> Exercise details
Below are records to repeat exactly. Omit the pictures from the copy.

Start of Records for processing

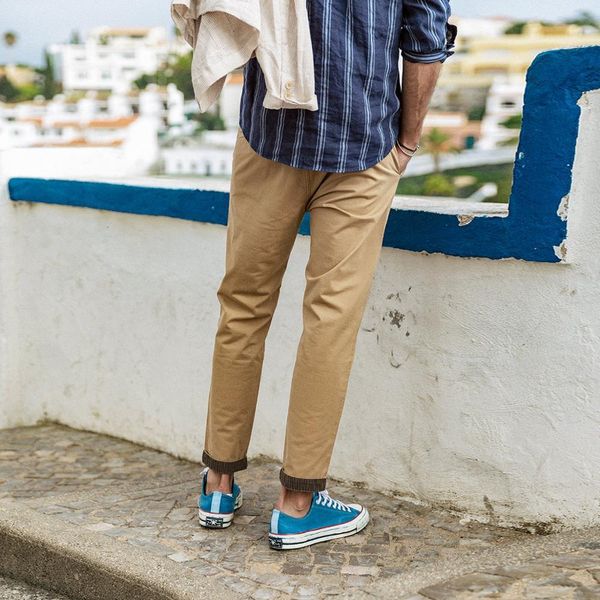 2021 summer new pants men casual garment dyed ankle-length trousers striped turn up cuffs plus size chinos si980556 ddma, Black
2021 summer new pants men casual garment dyed ankle-length trousers striped turn up cuffs plus size chinos si980556 ddma, Black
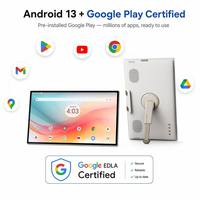 Téléviseur portable multifonction 27 pouces 16:9 avec écran tactile, moniteur 1080p Android 13 Google avec caméra 1300MP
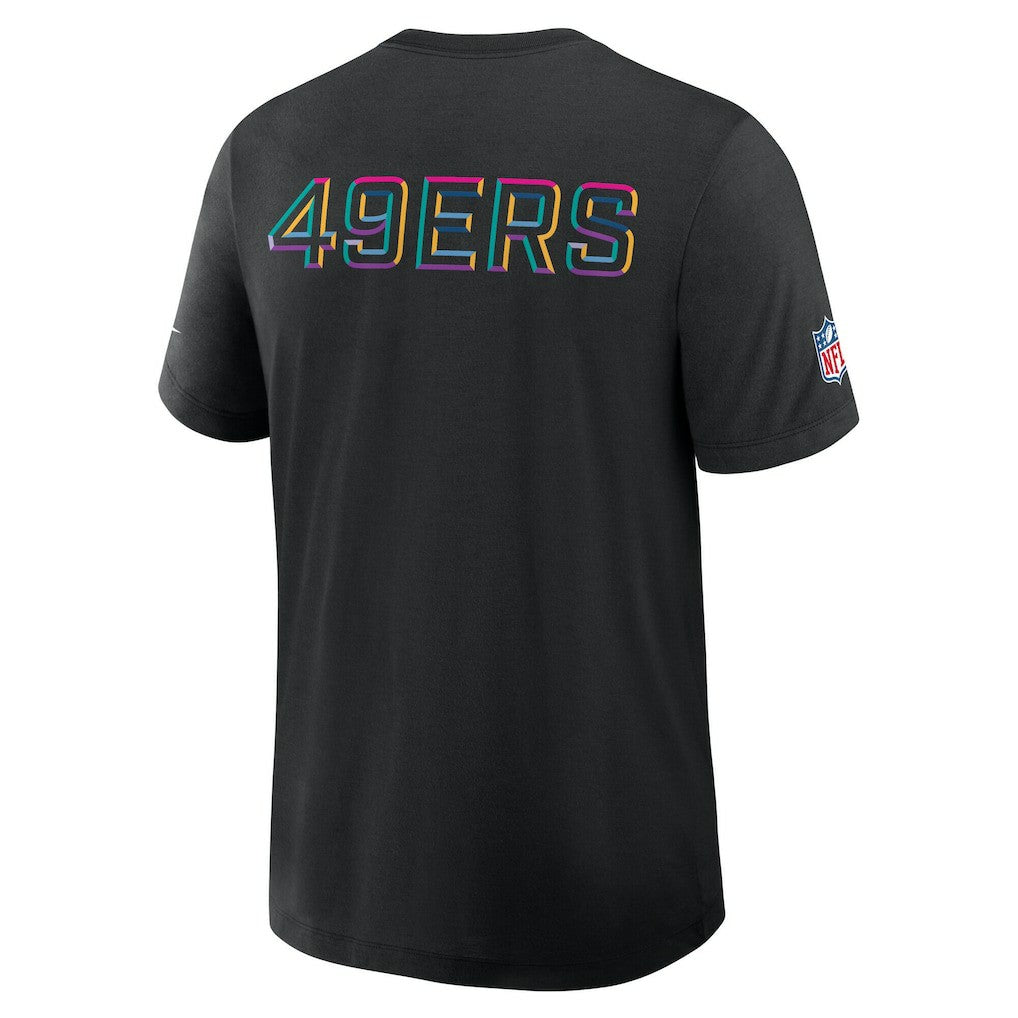 San Francisco 49ers Tall 2025 NFL Crucial Catch Tri-Blend Dri-FIT T-Shirt | NFL Discount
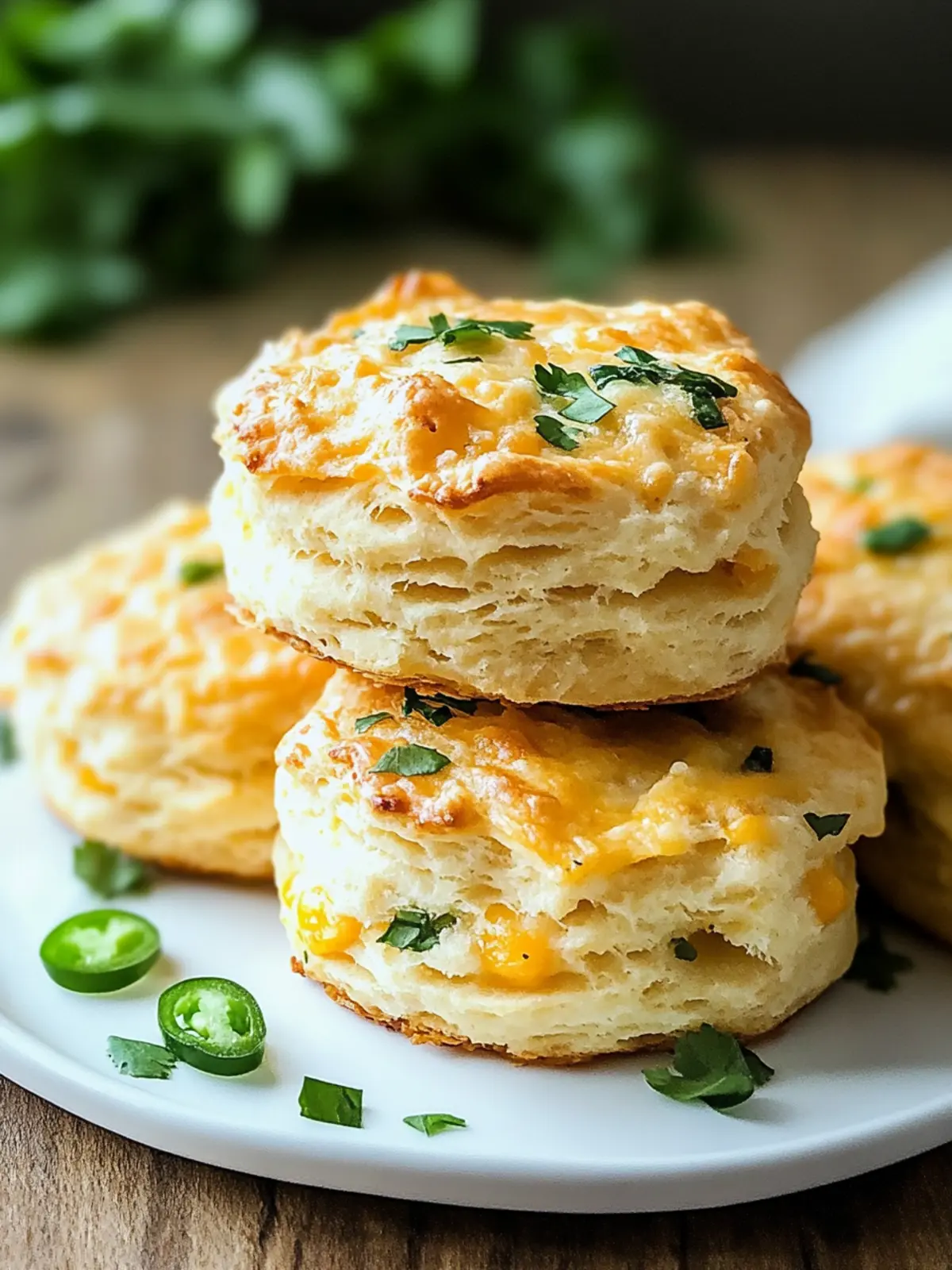 Jalapeno Cheddar Biscuits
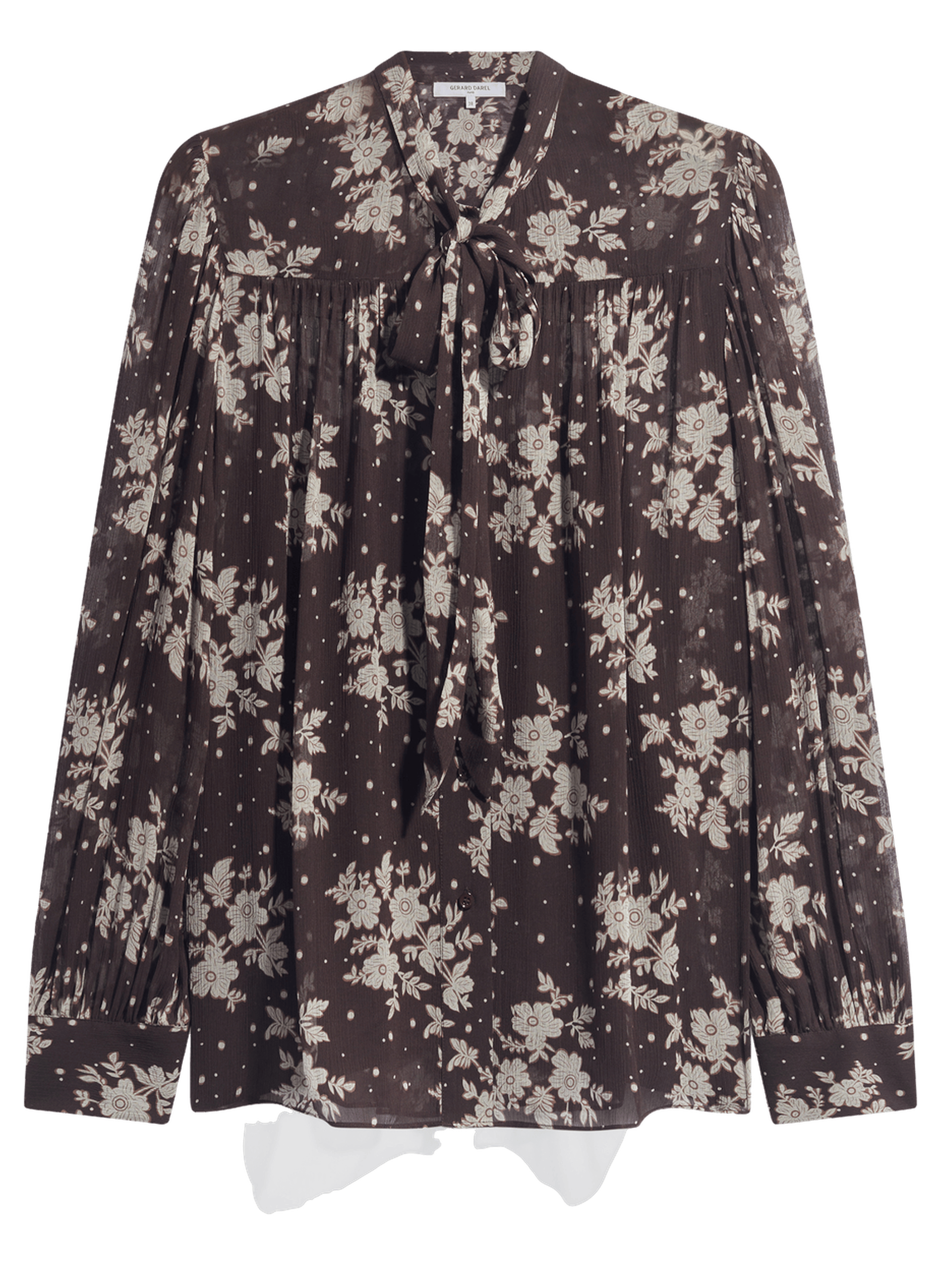 Chemise en mousseline imprimée - loa GERARD DAREL Marron
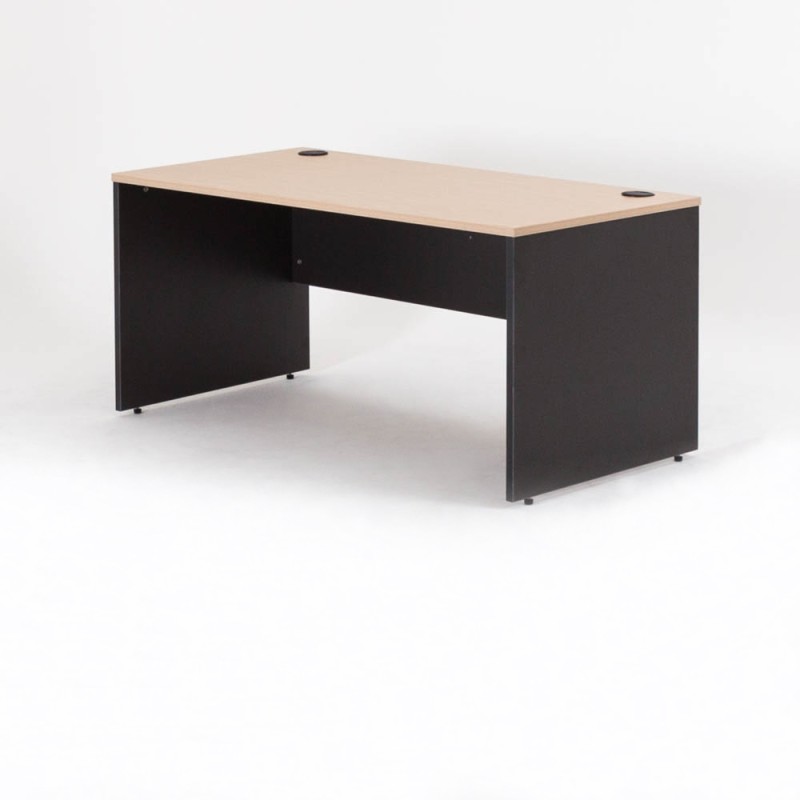 Mesa de escritorio recta MADERA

End of Records for processing

> Response to the exercise
 2021 summer new pants men casual garment dyed ankle-length trousers striped turn up cuffs plus size chinos si980556 ddma, Black
2021 summer new pants men casual garment dyed ankle-length trousers striped turn up cuffs plus size chinos si980556 ddma, Black
 Téléviseur portable multifonction 27 pouces 16:9 avec écran tactile, moniteur 1080p Android 13 Google avec caméra 1300MP
 San Francisco 49ers Tall 2025 NFL Crucial Catch Tri-Blend Dri-FIT T-Shirt | NFL Discount
 Jalapeno Cheddar Biscuits
 Chemise en mousseline imprimée - loa GERARD DAREL Marron
 Mesa de escritorio recta MADERA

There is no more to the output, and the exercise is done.